L’esordio è contro il Verona. Marinelli entra col Toro sotto 1-0 e pensa bene di rifilare una gomitata a Guarente: espulso. Rientra contro il Bari, spezzone di pregio a risultato acquisito. Rossi non vara la coppia con Pinga, la prima da titolare è una sconfitta contro il Cesena, poi qualcosa sembra girare contro il Pescara, dove, alle spalle di Marazzina e Maniero, Marinelli trova il suo primo e unico gol al Toro (un rigore non memorabile) e la squadra gira benissimo. Dura poco. Nel finale perde progressivamente spazio, con Zaccarelli, subentrato a Rossi, si arriva allo zero e l’ultima immagine che ho di lui è a bordocampo in canotta, nei supplementari della finale playoff contro il Perugia, ad aizzare la folla. Non bisognerebbe mai ritornare.

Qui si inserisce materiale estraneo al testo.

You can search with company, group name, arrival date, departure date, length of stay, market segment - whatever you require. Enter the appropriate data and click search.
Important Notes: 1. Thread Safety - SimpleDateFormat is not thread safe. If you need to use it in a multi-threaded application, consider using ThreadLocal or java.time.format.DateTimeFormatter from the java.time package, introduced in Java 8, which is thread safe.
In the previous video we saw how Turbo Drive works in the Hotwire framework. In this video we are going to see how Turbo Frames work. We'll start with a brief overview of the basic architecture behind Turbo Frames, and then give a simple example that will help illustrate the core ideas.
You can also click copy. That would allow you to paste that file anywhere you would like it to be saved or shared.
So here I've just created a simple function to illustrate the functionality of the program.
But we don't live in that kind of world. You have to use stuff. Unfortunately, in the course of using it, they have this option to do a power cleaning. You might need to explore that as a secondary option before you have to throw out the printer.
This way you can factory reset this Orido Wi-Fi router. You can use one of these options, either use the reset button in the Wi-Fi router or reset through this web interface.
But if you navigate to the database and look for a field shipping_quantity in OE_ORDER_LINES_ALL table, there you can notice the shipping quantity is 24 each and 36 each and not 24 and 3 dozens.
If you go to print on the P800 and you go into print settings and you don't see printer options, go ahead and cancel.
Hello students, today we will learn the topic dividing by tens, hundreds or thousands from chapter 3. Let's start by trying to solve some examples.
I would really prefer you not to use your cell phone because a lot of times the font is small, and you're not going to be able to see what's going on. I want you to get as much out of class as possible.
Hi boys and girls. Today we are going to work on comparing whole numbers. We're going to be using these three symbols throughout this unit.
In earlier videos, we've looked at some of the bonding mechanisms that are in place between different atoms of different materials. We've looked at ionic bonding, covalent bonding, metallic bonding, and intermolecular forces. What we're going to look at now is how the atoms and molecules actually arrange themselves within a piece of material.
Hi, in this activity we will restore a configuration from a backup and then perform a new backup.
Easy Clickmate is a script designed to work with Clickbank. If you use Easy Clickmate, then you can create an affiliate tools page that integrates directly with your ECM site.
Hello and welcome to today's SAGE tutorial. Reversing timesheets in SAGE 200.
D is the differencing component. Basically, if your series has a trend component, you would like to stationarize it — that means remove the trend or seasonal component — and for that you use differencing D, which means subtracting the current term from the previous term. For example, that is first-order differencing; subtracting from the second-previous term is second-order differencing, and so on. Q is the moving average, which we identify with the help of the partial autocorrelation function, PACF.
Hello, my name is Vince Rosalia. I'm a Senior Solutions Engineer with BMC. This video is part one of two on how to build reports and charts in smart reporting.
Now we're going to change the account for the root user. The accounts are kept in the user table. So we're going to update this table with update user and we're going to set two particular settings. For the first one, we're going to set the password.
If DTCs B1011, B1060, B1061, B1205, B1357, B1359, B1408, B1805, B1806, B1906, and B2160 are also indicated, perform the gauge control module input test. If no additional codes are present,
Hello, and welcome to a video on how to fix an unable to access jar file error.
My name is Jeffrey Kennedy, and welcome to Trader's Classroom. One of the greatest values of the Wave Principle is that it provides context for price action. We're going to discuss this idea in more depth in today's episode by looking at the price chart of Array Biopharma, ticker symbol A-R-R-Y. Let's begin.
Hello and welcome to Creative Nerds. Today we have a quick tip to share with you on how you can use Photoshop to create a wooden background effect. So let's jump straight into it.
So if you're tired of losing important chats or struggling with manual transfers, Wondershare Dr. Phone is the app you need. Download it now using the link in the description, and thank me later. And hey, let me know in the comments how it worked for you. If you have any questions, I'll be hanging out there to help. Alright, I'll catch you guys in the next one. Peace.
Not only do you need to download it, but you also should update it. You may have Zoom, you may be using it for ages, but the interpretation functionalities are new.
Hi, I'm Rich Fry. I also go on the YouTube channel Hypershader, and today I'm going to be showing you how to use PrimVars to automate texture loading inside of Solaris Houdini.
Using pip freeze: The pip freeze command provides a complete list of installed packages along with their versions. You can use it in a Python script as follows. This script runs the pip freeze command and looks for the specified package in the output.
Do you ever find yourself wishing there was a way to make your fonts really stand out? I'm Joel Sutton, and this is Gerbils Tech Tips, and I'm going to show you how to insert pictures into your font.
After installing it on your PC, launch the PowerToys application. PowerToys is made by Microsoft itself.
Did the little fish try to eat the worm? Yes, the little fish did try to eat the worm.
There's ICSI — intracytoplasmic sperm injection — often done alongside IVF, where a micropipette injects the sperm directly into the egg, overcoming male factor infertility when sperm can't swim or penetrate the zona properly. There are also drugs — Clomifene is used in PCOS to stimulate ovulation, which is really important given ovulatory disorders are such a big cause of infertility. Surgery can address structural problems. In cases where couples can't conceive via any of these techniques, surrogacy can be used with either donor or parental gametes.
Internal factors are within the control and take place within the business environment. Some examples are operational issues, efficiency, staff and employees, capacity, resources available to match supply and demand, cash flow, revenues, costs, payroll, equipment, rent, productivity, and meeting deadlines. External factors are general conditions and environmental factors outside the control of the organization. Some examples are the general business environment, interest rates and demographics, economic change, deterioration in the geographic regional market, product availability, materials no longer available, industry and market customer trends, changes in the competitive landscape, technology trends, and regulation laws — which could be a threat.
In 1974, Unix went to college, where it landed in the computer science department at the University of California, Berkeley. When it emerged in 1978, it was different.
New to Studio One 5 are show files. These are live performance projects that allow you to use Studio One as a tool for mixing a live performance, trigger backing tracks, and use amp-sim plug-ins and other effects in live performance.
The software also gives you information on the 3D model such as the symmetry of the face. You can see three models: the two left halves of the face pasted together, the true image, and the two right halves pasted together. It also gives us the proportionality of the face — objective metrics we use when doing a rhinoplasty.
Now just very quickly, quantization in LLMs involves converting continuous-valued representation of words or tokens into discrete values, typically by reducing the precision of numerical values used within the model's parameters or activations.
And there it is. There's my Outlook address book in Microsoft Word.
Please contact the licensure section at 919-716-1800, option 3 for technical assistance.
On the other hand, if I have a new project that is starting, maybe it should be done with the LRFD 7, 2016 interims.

Il Toro fallisce e sembrerebbe che tra gli “eroi” che decideranno di restare a ripartire da zero ci sia proprio lui. Falso. Nel frattempo il suo procuratore gli aveva fatto firmare un contratto con una squadra dilettantistica argentina. Se ne riparla a gennaio. Ma a gennaio, tra i tanti nuovi arrivi per rimpolpare la squadra, il suo nome non c’è. Finita davvero. Gli tocca girovagare fra varie squadre in giro per il mondo, in alcune stagoni, fino a poco tempo fa, Wikipedia aveva messo un punto interrogativo alla voce presenze e gol, lacuna ora colmata. A volte non bastano i piedi d’oro che fanno più o meno quello che gli chiedi. A volte si ha tutto, apparentemente, per sfondare. A volte finisce così. Con l’amaro in bocca per l’occasione persa. Con la cocciuta convinzione, la mia, che Carlos Marinelli sia uno dei più grandi crack mancati del calcio.